» **What the task asks**: Output exactly the lines from the one holding "Restaurant Menu Schema" through the final line of the entries.

[Source records]

-=-=-=-=-

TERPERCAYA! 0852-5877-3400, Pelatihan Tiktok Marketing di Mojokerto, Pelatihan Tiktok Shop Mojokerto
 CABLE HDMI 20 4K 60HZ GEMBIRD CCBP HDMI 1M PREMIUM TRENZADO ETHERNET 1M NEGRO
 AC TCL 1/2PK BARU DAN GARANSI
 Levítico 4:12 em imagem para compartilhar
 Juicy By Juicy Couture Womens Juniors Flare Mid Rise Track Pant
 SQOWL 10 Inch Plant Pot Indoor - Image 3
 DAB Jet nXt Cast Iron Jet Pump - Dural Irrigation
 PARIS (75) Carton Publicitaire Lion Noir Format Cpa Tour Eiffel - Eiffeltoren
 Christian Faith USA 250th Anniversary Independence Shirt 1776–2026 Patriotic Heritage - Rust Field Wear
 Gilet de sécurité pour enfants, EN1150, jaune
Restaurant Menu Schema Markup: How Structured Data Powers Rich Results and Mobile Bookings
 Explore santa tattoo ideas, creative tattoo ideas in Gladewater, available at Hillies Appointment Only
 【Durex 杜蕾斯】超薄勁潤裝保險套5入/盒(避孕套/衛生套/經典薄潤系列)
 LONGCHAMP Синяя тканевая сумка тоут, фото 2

-=-=-=-=-

» **Result of the exercise**:
Restaurant Menu Schema Markup: How Structured Data Powers Rich Results and Mobile Bookings
 Explore santa tattoo ideas, creative tattoo ideas in Gladewater, available at Hillies Appointment Only
 【Durex 杜蕾斯】超薄勁潤裝保險套5入/盒(避孕套/衛生套/經典薄潤系列)
 LONGCHAMP Синяя тканевая сумка тоут, фото 2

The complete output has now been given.